Since I finally met their mother and made a plan for them to stay after school, I have learnt to see him in a different light (maybe more as a six year old and less as a WWF wrestler).

He came to my office and asked if he could call his father, the first day. When I said that his father knows when to come, and explained what he has to do after school, he looked upset and mumbled, “Bhuk lagi hai.” I decided that these three children, at least the younger ones, should be given a snack by the school. I explained to H that after school, he should first take his bag up to D ma’am, then go to A ma’am and get a snack, then go to the preschool and rest and play, and then go back up to D and do some homework and read. I also put him in charge of his brother, who is only four or five. Then, I went and introduced him to each of these people.

After that day was Teachers’ Day, and in that period of no-one-in-charge-time, I found H sobbing outside, with a couple of children clustered around. I discovered that his new pair of sunglasses was broken (lots of the children had come in sunglasses that day), and he claimed some didi had done it. I tried to figure out the story, then tried to explain to him that sometimes things break. He was inconsolable.

Finally, I figured out that he was afraid that his father would be angry, naturally, since he must have just bought them. I had to assure him that I would write a note for him. I also kept the sunglasses, thinking that a separation from them would be good, and if the father was told, “Ma’am lin hain,” it sounded like something not to be argued with. I commiserated with him again about how things break sometimes, isn’t it a pity.

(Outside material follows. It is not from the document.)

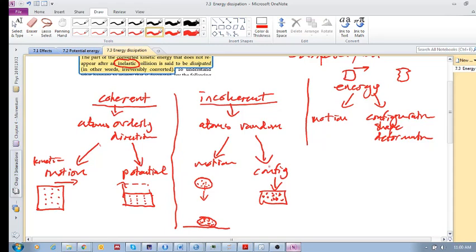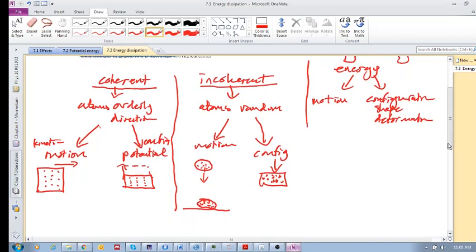If you let go of an object that was deformed incoherently, those atoms are now in each other's way and can't move back — they can't be restored to their original position. So this is incoherent deformation, and this is incoherent motion of the atoms.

He kept standing anxiously at the periphery of my vision until I write the note and tucked it into one of his many pockets (it was coloured clothes that day).

The next day, he ran into my office in tiffin time and asked me if I still had the sunglasses. I had given them to our accounts clerk, B ji (when in doubt, give to B), and sent him there, calling through the partition to tell him. H examined them and came back to me, “Ma’am, abhi bhi tuta hai?” (“Ma’am, they are still broken?”) I nodded, sadly. “Kabhi nahin banega?” (“They’ll never get fixed?”) I shook my head, sadly.

H inspected the glasses again, but this time with more interest, understanding an important fact of life (at least it looked like that). Then he gave them back to B ji, saying, “Abhi rakhiye,” (“Keep them for now”) or something, and ran off. B ji called out to me in consternation, “Yeh phir phek ke chala gaya!” (“He’s left them again!”)

I laughed and told him to keep them for a little while. I think H is too attached to them to just let them go, and he thinks they will be safe in the office.

Yesterday, at 3, H came again to confirm what to do – go to A ma’am and…? Couldn’t say the words too boldly on his own… “she will give something to eat.” I went over everything with him (he told me that he had finished his homework already, so I said he could read and D ma’am would give him new work) and sent him off.

I went outside at 5 to look at some construction stuff. The children were just leaving. H ran up to me to tell me how it all went. He put his hand into mine as he chattered away, about how he wrote four pages of “A B C D” (hmm…must look in to that) and then told tales about his sister, who smiled annoyedly at him. Then he waved gaily at me and departed.

You can see that I don’t think of him as a WWF wrestler any more.